EXERCISE REQUIREMENTS =>
Look below for the line with "OIL INSTANT LISS - Thuya"; begin the copy there and stop after the line with "Shovel Transparent PNG Image", keeping the text exact and the pictures out.

GIVEN DATA =>
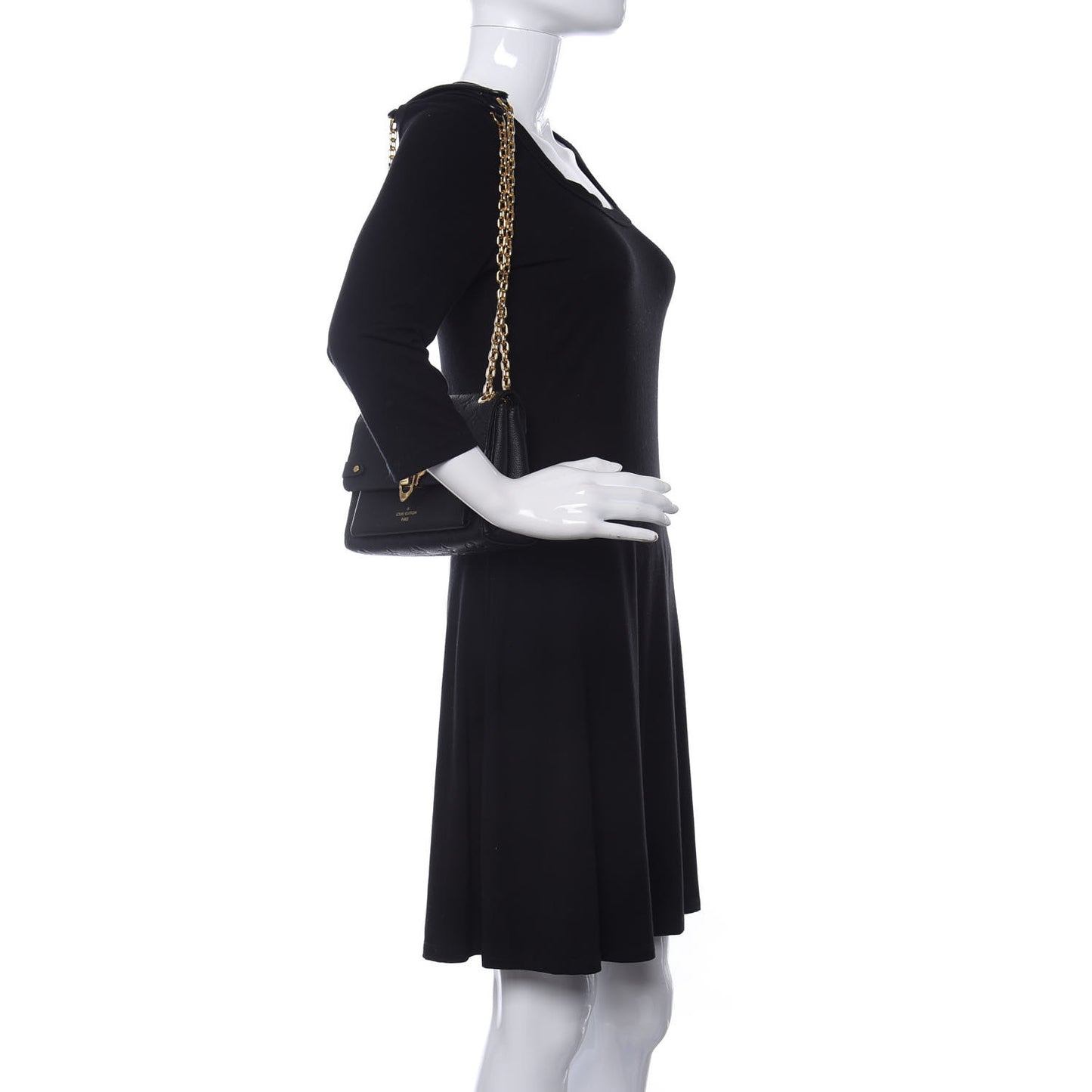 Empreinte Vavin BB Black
--
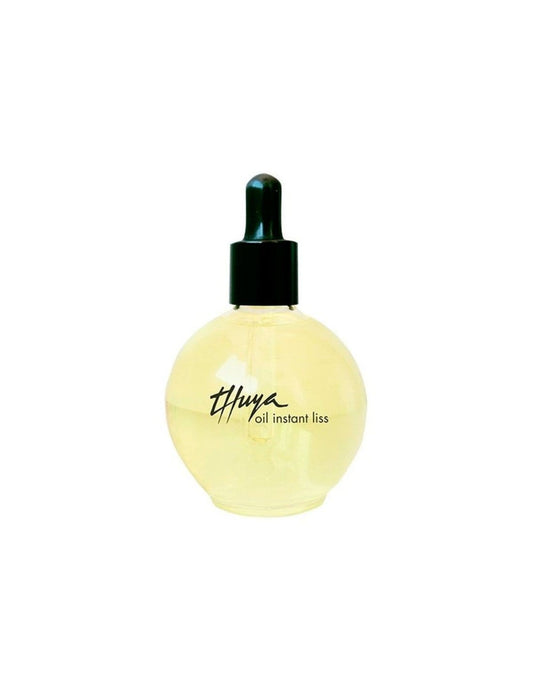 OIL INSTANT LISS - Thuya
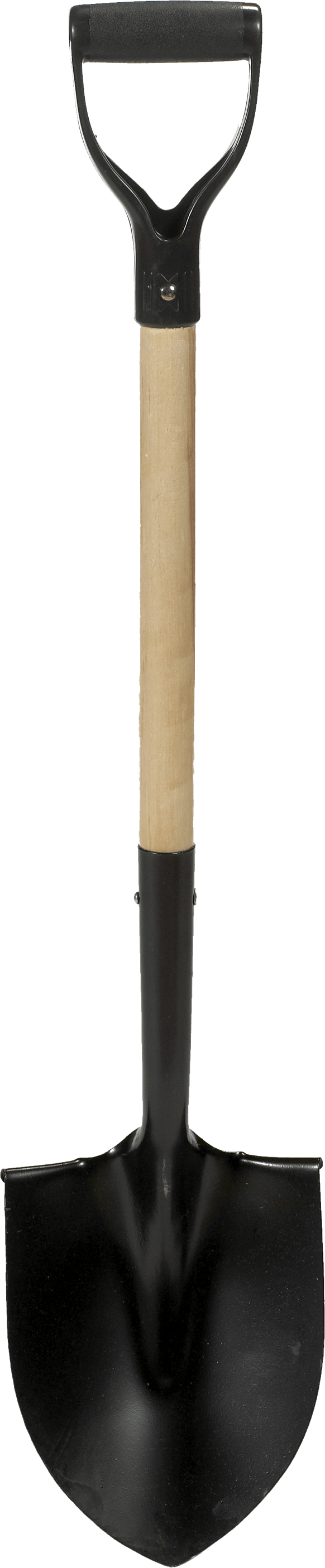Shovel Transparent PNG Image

EXERCISE SOLUTION =>
 OIL INSTANT LISS - Thuya
Shovel Transparent PNG Image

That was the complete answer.